[Stored data entries]
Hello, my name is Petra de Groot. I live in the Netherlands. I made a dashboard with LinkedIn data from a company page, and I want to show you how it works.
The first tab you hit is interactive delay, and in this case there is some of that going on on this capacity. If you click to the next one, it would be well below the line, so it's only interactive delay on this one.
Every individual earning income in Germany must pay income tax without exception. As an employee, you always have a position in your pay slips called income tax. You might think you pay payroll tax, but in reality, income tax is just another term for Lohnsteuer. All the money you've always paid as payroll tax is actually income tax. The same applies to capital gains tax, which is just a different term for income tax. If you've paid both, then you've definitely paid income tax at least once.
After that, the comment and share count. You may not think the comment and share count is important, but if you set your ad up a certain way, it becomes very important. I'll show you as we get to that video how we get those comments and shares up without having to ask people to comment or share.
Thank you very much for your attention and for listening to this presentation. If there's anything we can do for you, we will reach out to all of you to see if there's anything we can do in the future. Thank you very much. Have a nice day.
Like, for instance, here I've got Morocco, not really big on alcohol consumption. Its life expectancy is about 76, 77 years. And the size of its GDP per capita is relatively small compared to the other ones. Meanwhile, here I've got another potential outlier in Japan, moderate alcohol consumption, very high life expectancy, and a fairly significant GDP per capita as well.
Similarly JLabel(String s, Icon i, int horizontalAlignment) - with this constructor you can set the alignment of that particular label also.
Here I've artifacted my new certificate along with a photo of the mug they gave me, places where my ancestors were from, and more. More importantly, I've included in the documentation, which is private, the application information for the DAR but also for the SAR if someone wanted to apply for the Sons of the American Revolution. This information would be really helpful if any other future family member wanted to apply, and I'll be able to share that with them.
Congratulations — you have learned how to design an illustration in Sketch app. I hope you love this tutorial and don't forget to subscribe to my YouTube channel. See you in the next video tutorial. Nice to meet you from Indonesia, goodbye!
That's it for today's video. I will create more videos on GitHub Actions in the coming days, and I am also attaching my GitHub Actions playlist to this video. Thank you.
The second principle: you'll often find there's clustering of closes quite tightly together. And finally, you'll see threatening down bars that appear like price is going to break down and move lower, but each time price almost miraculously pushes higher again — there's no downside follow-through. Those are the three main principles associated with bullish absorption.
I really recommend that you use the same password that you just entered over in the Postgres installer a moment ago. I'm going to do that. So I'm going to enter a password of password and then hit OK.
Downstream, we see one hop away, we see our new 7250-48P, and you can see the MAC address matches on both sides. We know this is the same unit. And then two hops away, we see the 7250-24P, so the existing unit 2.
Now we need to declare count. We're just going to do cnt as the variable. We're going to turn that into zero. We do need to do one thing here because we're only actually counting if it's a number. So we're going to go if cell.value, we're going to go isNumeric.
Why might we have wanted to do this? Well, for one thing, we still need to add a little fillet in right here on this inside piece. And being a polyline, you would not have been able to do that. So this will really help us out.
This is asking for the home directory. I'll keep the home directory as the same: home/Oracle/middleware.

• What to produce
Wherever a line of the data holds "same", copy that line.

• Solution to this task
Every individual earning income in Germany must pay income tax without exception. As an employee, you always have a position in your pay slips called income tax. You might think you pay payroll tax, but in reality, income tax is just another term for Lohnsteuer. All the money you've always paid as payroll tax is actually income tax. The same applies to capital gains tax, which is just a different term for income tax. If you've paid both, then you've definitely paid income tax at least once.
I really recommend that you use the same password that you just entered over in the Postgres installer a moment ago. I'm going to do that. So I'm going to enter a password of password and then hit OK.
Downstream, we see one hop away, we see our new 7250-48P, and you can see the MAC address matches on both sides. We know this is the same unit. And then two hops away, we see the 7250-24P, so the existing unit 2.
This is asking for the home directory. I'll keep the home directory as the same: home/Oracle/middleware.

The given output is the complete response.